The TrainValidationSplit object gets created in the same fashion as the CrossValidator model.



In [ ]:

    
tvs = tune.TrainValidationSplit(
    estimator=logistic, 
    estimatorParamMaps=grid, 
    evaluator=evaluator
)

As before, we fit our data to the model, and calculate the results.



In [ ]:

    
tvsModel = tvs.fit(
    data_transformer \
        .transform(births_train)
)

data_train = data_transformer \
    .transform(births_test)
results = tvsModel.transform(data_train)

print(evaluator.evaluate(results, 
     {evaluator.metricName: 'areaUnderROC'}))
print(evaluator.evaluate(results, 
     {evaluator.metricName: 'areaUnderPR'}))

Other features of PySpark ML in action

Feature extraction

Simple dataset.



In [ ]:

    
text_data = spark.createDataFrame([
    ['''Machine learning can be applied to a wide variety 
        of data types, such as vectors, text, images, and 
        structured data. This API adopts the DataFrame from 
        Spark SQL in order to support a variety of data types.'''],
    ['''DataFrame supports many basic and structured types; 
        see the Spark SQL datatype reference for a list of 
        supported types. In addition to the types listed in 
        the Spark SQL guide, DataFrame can use ML Vector types.'''],
    ['''A DataFrame can be created either implicitly or 
        explicitly from a regular RDD. See the code examples 
        below and the Spark SQL programming guide for examples.'''],
    ['''Columns in a DataFrame are named. The code examples 
        below use names such as "text," "features," and "label."''']
], ['input'])

First, we need to tokenize this text.



In [ ]:

    
tokenizer = ft.RegexTokenizer(
    inputCol='input', 
    outputCol='input_arr', 
    pattern='\s+|[,.\"]')

The output of the tokenizer looks similar to this.



In [ ]:

    
tok = tokenizer \
    .transform(text_data) \
    .select('input_arr') 

tok.take(1)

Use the StopWordsRemover(...).



In [ ]:

    
stopwords = ft.StopWordsRemover(
    inputCol=tokenizer.getOutputCol(), 
    outputCol='input_stop')

The output of the method looks as follows



In [ ]:

    
stopwords.transform(tok).select('input_stop').take(1)

Build NGram model and the Pipeline.



In [ ]:

    
ngram = ft.NGram(n=2, 
    inputCol=stopwords.getOutputCol(), 
    outputCol="nGrams")

pipeline = Pipeline(stages=[tokenizer, stopwords, ngram])

Now that we have the pipeline we follow in the very similar fashion as before.



In [ ]:

    
data_ngram = pipeline \
    .fit(text_data) \
    .transform(text_data)
    
data_ngram.select('nGrams').take(1)

That's it. We got our n-grams and we can then use them in further NLP processing.

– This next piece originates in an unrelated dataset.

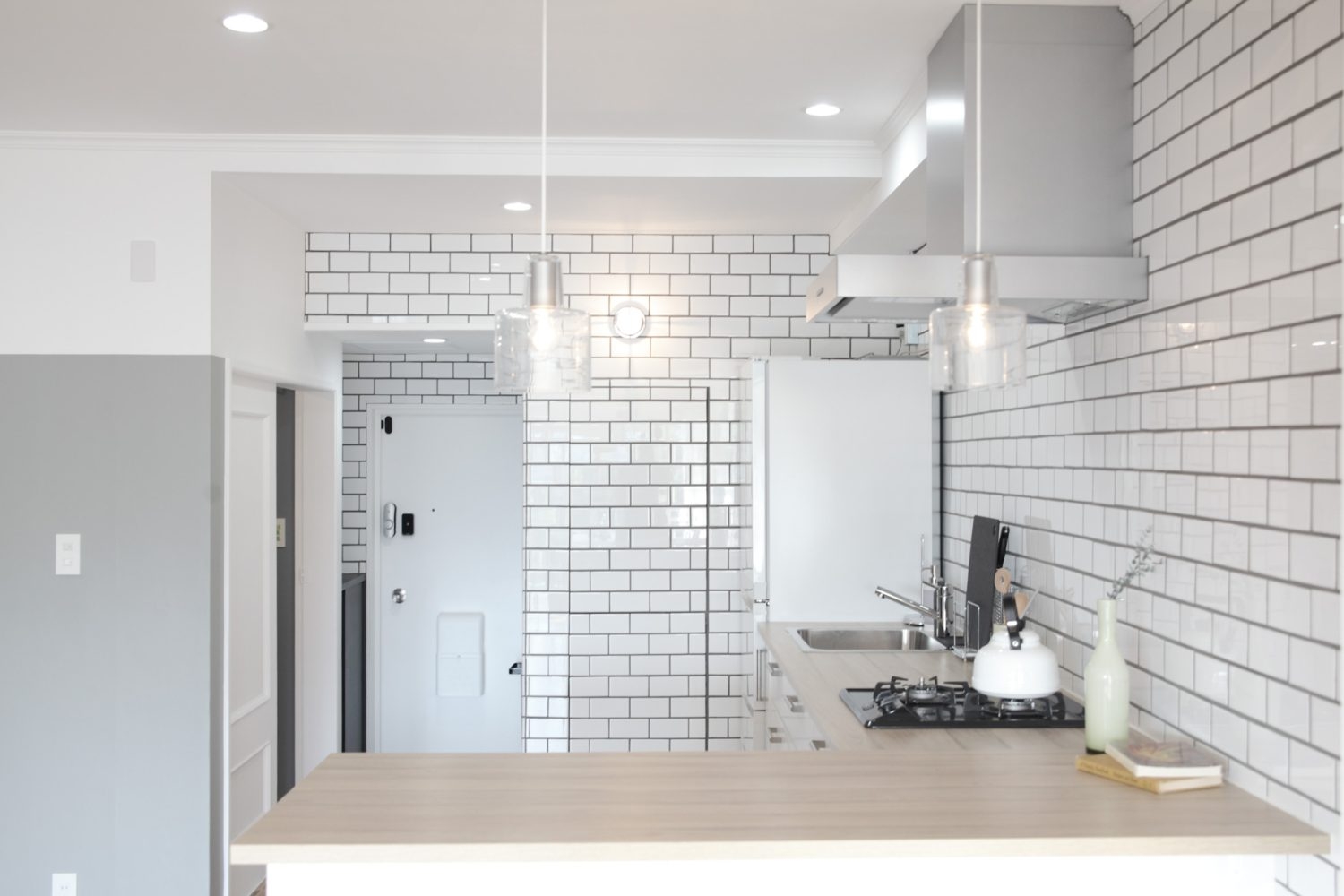 カウンターとして利用可能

Discretize continuous variables

It is sometimes useful to band the values into discrete buckets.



In [ ]:

    
import numpy as np

x = np.arange(0, 100)
x = x / 100.0 * np.pi * 4
y = x * np.sin(x / 1.764) + 20.1234

schema = typ.StructType([
    typ.StructField('continuous_var', 
                    typ.DoubleType(), 
                    False
   )
])

data = spark.createDataFrame([[float(e), ] for e in y], schema=schema)

Use the QuantileDiscretizer model to split our continuous variable into 5 buckets (see the numBuckets parameter).



In [ ]:

    
discretizer = ft.QuantileDiscretizer(
    numBuckets=5, 
    inputCol='continuous_var', 
    outputCol='discretized')

Let's see what we got.



In [ ]:

    
data_discretized = discretizer.fit(data).transform(data)

data_discretized \
    .groupby('discretized')\
    .mean('continuous_var')\
    .sort('discretized')\
    .collect()

Standardizing continuous variables

Create a vector representation of our continuous variable (as it is only a single float)



In [ ]:

    
vectorizer = ft.VectorAssembler(
    inputCols=['continuous_var'], 
    outputCol= 'continuous_vec')

Build a normalizer and a pipeline.



In [ ]:

    
normalizer = ft.StandardScaler(
    inputCol=vectorizer.getOutputCol(), 
    outputCol='normalized', 
    withMean=True,
    withStd=True
)

pipeline = Pipeline(stages=[vectorizer, normalizer])
data_standardized = pipeline.fit(data).transform(data)

Classification

We will now use the RandomForestClassfier to model the chances of survival for an infant.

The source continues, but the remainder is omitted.